Who are the Arabs? Whoever speaks Arabic. This obvious response ignores both the Arabic-speaking groups who shy away from Arab identity (Berbers, Maltese, Copts, Druze, Jews, Kurds) and non-Arabic speakers who cultivate it (Somalis, Comoro Islanders). Out of this complexity Rodinson produces an amazingly intricate definition. Arabs are those who:
- speak a variant .of Arabic and regard it as their natural language, the language they ought to speak or, if they do not speak it, nevertheless have the same estimation of it;
- regard as their patrimony the history and cultural traits of the people that has called itself and that others have called Arab, for whom one of those cultural traits has been, since the seventh century, belief in the Muslim religion (which is not limited exclusively to this people);
- (what amounts to the same thing) claim Arab identity and possess an awareness of being Arab.

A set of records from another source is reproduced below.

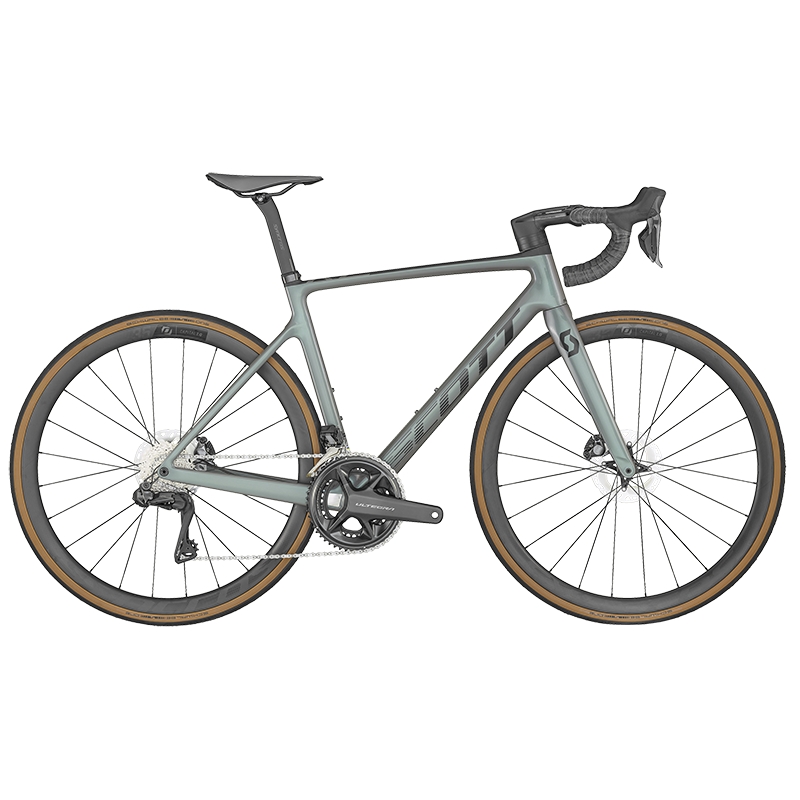 SCOTT ADDICT RC 15 全内走线碳纤维电变公路车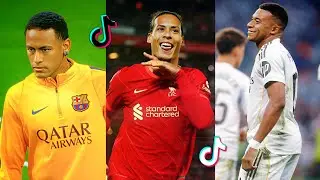 BEST FOOTBALL EDITS - GOALS, SKILLS, FAILS (#9) TIKTOK BEST EDITS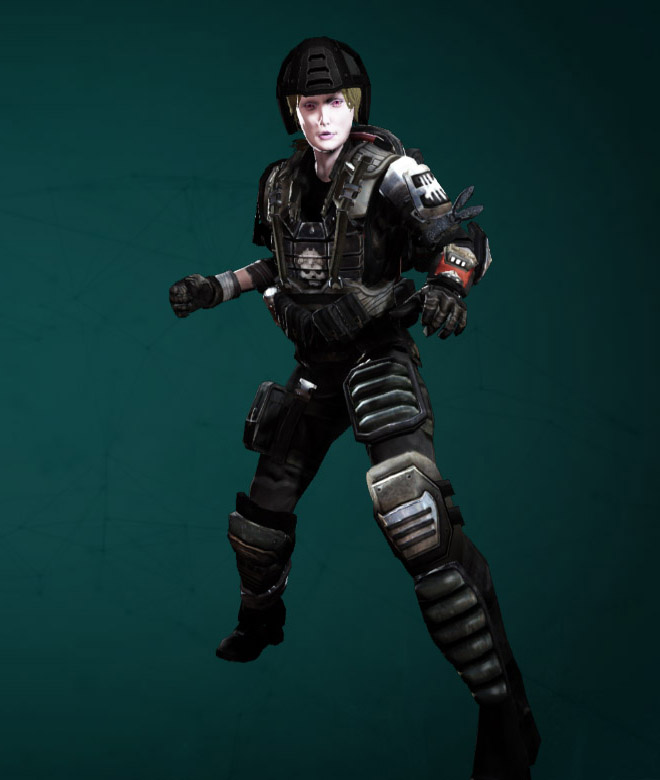Defiance Appearance Item: Bundle Naval Hero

Rodinson's book systematically looks at Arab history, pan-Arabism, future prospects, and common elements among Arabs. The author, a leading authority at the Sorbonne, is knowledgeable and specific. His short book, though it often reads like a reference work – or physics text – contains much of interest. "Arab" probably derives from the Semitic word 'arabah, "steppe"; the earliest inscription in Arabic dates from a.d. 328, on a tombstone of a ruler who called himself "king of all the Arabs"; Maltese is a dialect of Arabic but its speakers, being Catholic, try to forget this fact. Communist parties first put forward the notion of unity among Arabs; according to UNESCO, a quarter of the "brain drain" involves Arabs.
But there is much to criticize. As the definition above shows, the style. is turgid and the translation reads too much like French. Rodinson's biases against Turks, Israel, liberalism, and the West frequently intrude on otherwise restrained prose. More serious, the central question of pan-Arabism is unaccountably neglected – how Arabs came to believe they form a single people and why they want to live under a single government. Arabic speakers never thought of themselves as a people before this century, identifying themselves by family, tribe, village, region, class, or religion, but not by language. Today no other group of sovereign states considers its divisions a moral offense. Though Rodinson traces the history of pan-Arabism, he fails to explain its origins.

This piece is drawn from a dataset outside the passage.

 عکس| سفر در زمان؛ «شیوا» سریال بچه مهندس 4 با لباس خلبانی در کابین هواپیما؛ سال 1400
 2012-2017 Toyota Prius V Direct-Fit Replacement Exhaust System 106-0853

Perhaps his adamant Marxism prevents him from appreciating the crucial role of Islam, which calls on its adherents to unite under a single rule and not to fight each other. While hardly ever realized, this ideal has retained a strong hold on Muslims throughout the centuries. Pan-Arabism represents a modernized, secularized. version of this ideal. The urge to unite Arab speakers. draws on the powerful emotions associated with unifying Muslims. Without a discussion of this Islamic element, Rodinson misses the most intriguing aspect of the Arab identity.